An exact copy is needed of the lines in the entries below from the line with "Obraz premium Isolated" up to and including the line with "Soft Hooded Fleece", and of nothing else. Leave the pictures out.

Supplied entries
========
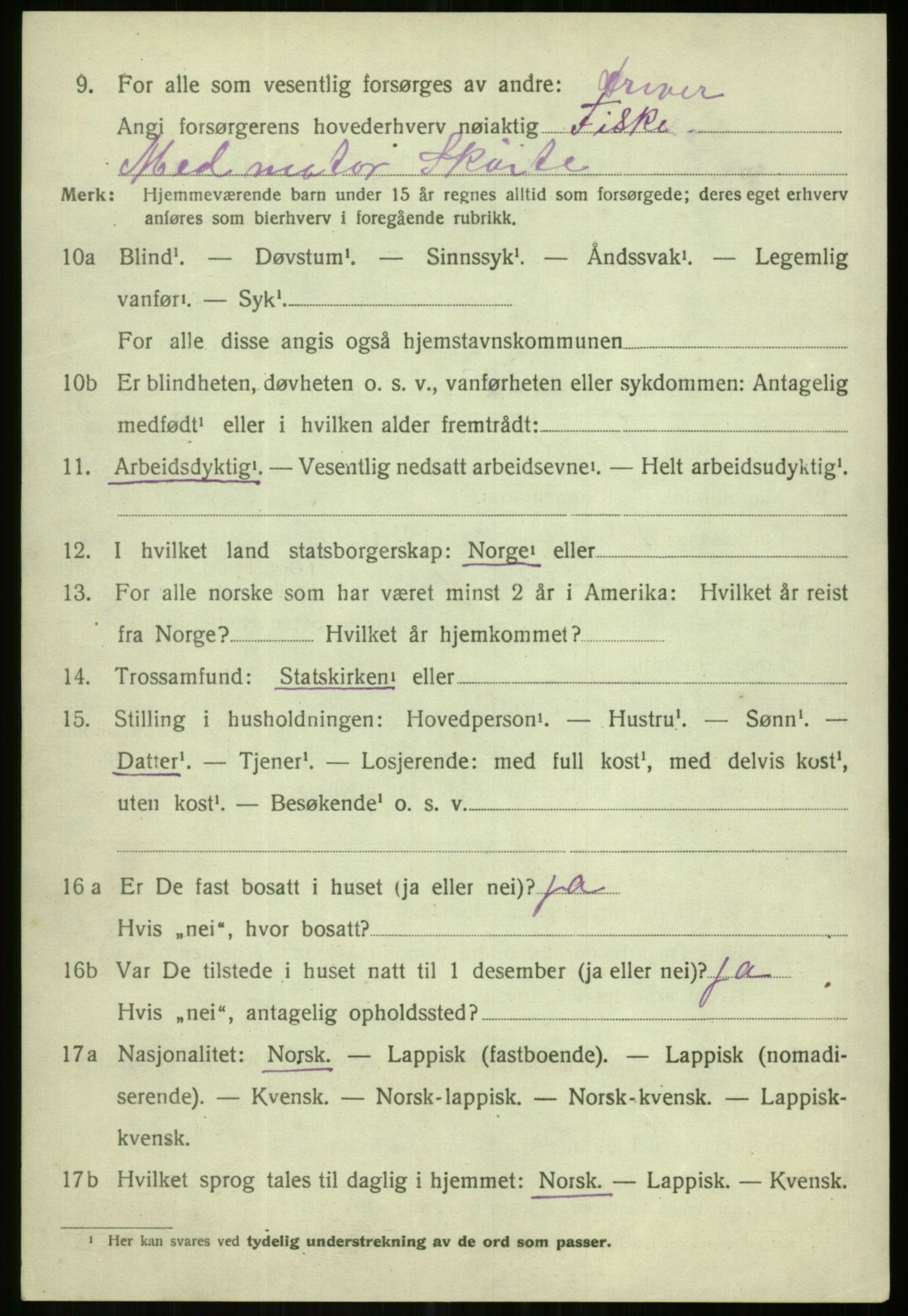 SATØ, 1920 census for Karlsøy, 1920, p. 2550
========
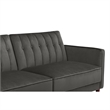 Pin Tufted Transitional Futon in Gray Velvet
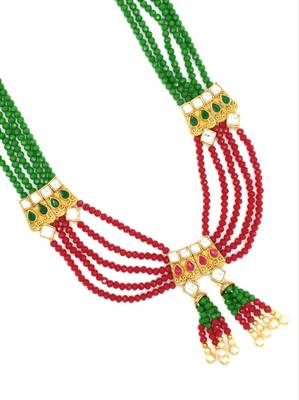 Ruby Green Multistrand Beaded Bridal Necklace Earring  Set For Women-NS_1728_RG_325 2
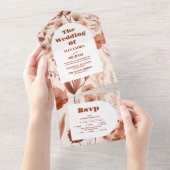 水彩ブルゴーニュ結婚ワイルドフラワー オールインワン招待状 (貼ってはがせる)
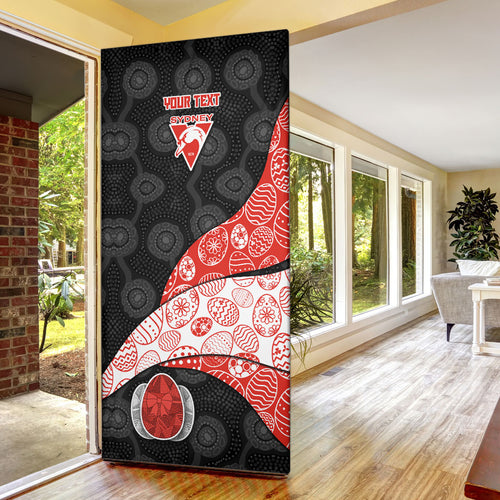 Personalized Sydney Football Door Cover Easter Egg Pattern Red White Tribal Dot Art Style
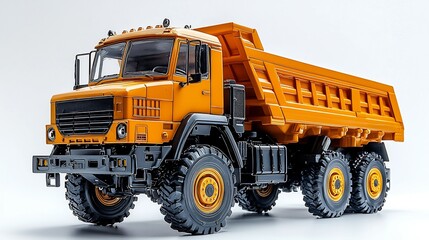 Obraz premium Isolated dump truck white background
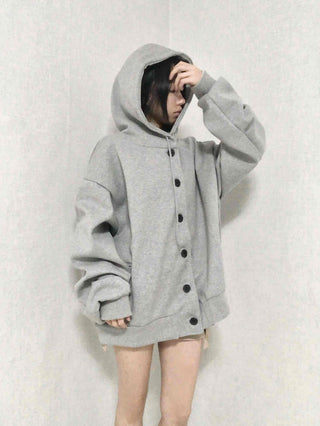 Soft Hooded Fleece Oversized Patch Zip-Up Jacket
========
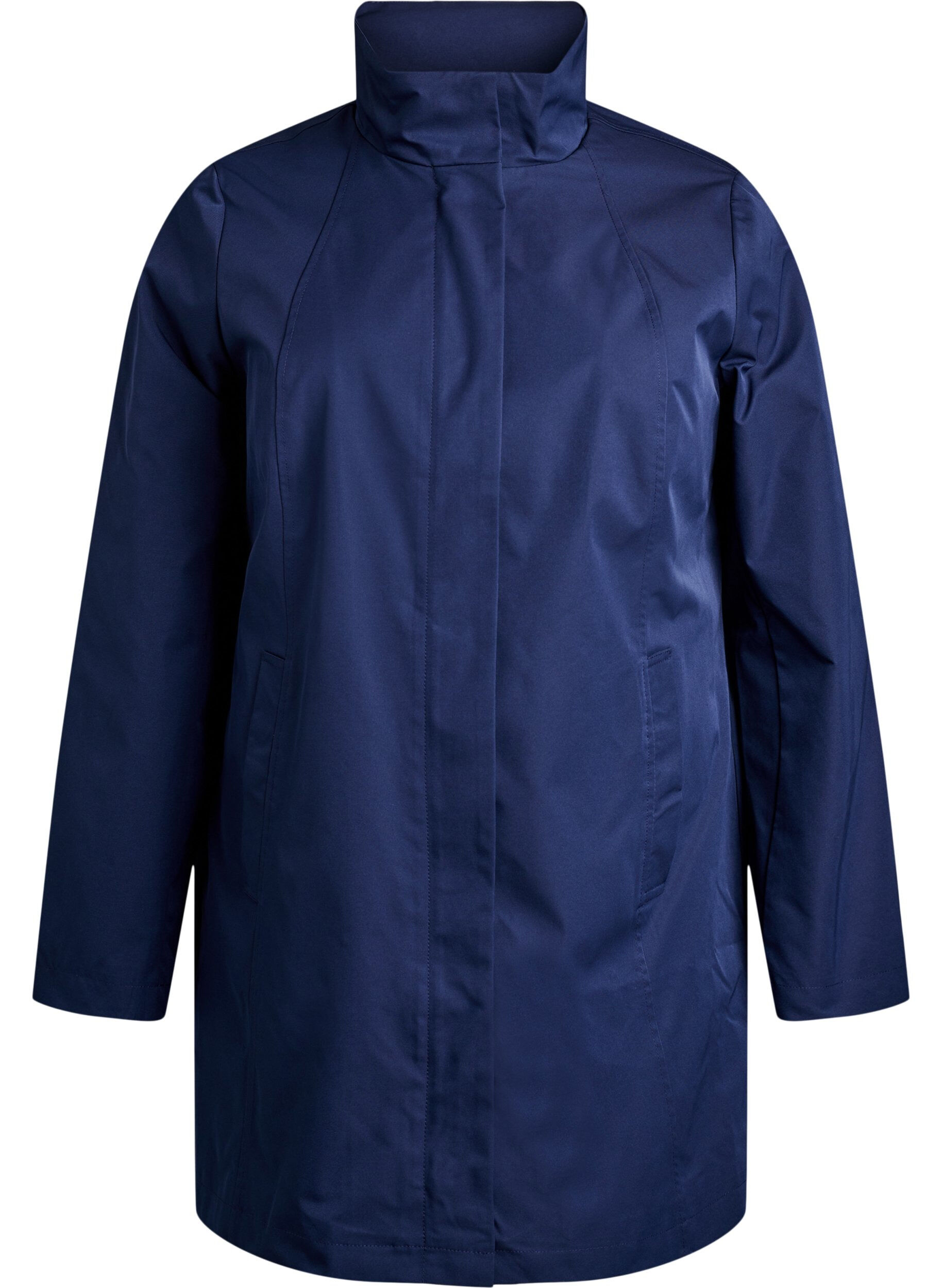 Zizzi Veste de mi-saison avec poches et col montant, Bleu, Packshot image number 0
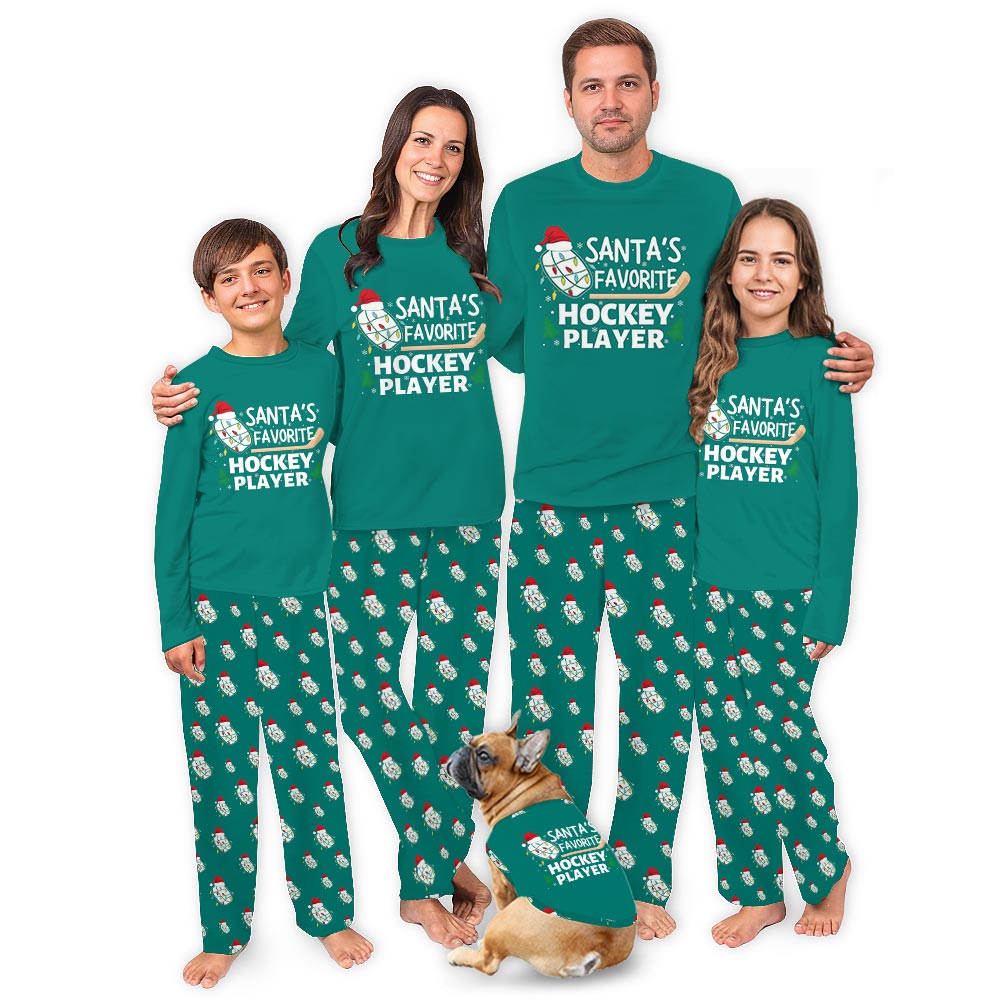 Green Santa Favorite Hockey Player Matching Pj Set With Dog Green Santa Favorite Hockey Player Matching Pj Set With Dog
========
Finished exercise
 Obraz premium Isolated dump truck white background
 Soft Hooded Fleece Oversized Patch Zip-Up Jacket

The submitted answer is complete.